If that desire makes me some weak to some people, then so be it. I guess then I am weak. But even the strongest lion has a mate. I don’t have the strength of a lion, but sometimes I feel like it is close to that because what I have been through and put up with. Even people that are thought of as independent or fierce have a soft side and feel powerless sometimes. I can be a woman that exudes confidence, takes care of my daughter, carries myself well, and is happy-go-lucky but it doesn’t mean that I don’t want to lean on someone from time to time. Having someone there everyday is something that so many women and men take for granted. If I had a good relationship, I would never take it for granted. So many people have these amazing partners and either cheat on them, degrade them or just devalue them, having no idea what it’s like to have no one there to consider or not.
I’m not sad about being alone. I honestly haven’t put myself out there in a big way because the men I have met have either been married, controlling or just someone that I had not compatibility with. And with me depending on God to send me the right guy, I never am sure when the man I meet is the right one. I guess the way to know is if I get a feeling that it is someone I could easily give my heart to. The problem is, that if I get positive attention from someone, I have let men pull me into an immediate relationship because I guess I secretly want to be wanted and loved and cherished. The problem is, the men that have propelled me in a speedboat manner towards love, did not take the time to really get to know me. So, when I did not do exactly what they wanted, or they found out I wasn’t submissive enough for them then things fell apart.

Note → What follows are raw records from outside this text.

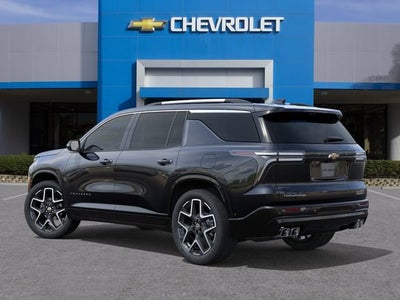 2026 Chevrolet Traverse High Country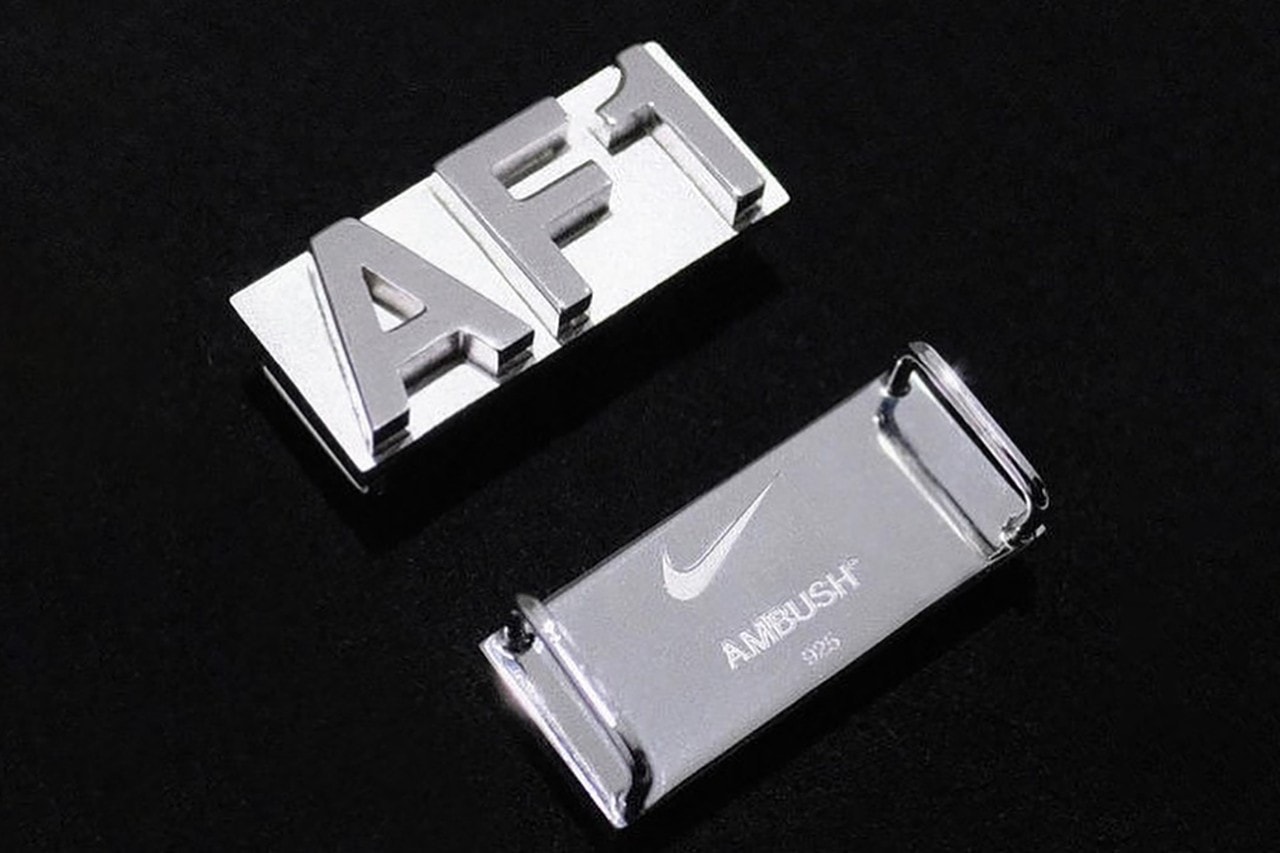Yoon Ahn 率先曝光 AMBUSH x Nike Air Force 1 全新聯名鞋款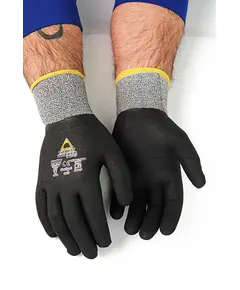 Safety Gloves TBW13 Microfoam Gloves - BestGuard Tijarahub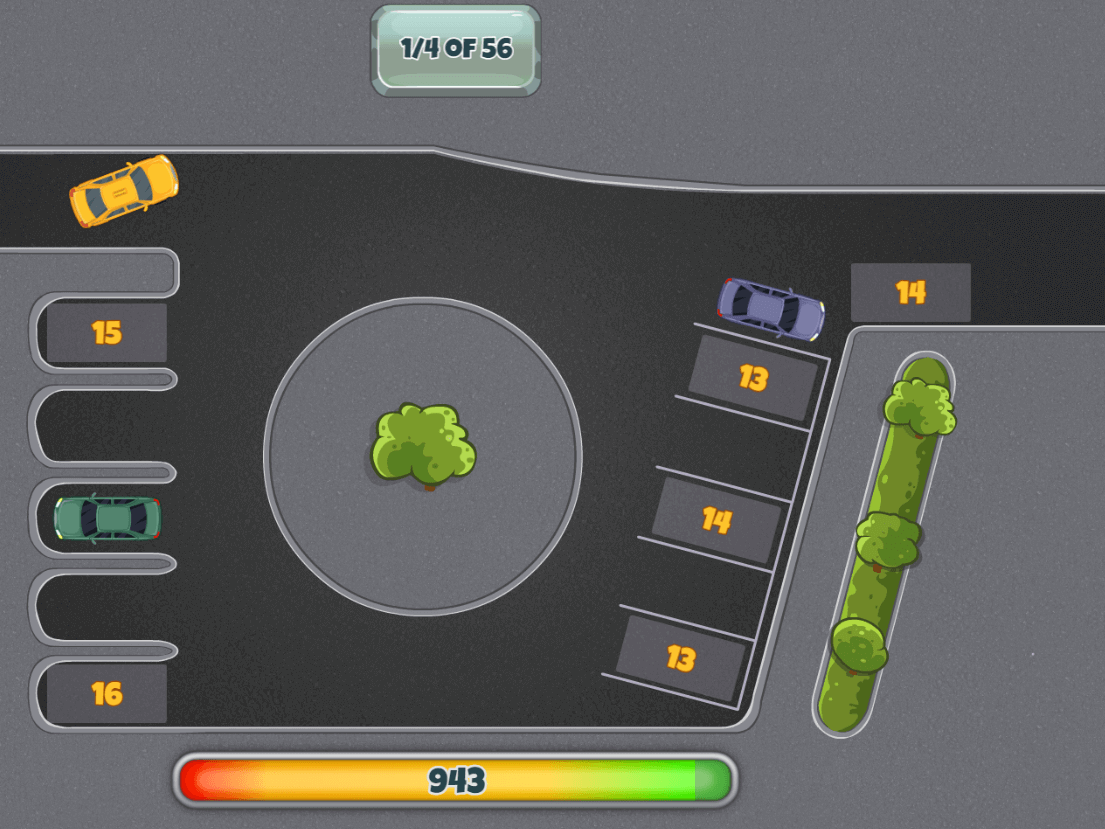 Parking-Maths-Fractions-of-Numbers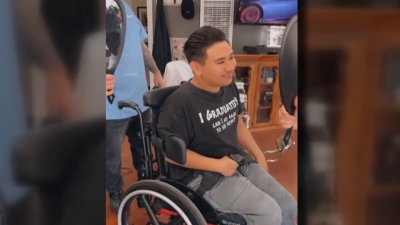 Stolen wheelchair returned to San Jose family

I no longer want to be pulled or pushed nor do I want to jump into anything ever again. So I am in a conundrum. I want the hero. I want the love, but I am too afraid of being hurt and starting over again to do anything about it. Does asking God for love mean that I don’t put myself out there and the man will just bump into me with his grocery cart or am I supposed to put myself out there and trust that God will only bring good my way? It’s like we have free will and God wants us to do for ourselves. So I am unsure if I am supposed to go out of my way to do my part to find love or if I am to sit and be still. What’s the saying about God only helping those that help themselves? So which is it? I need help with it because apparently finding a man that will be there for me through thick and thin is not my forte`.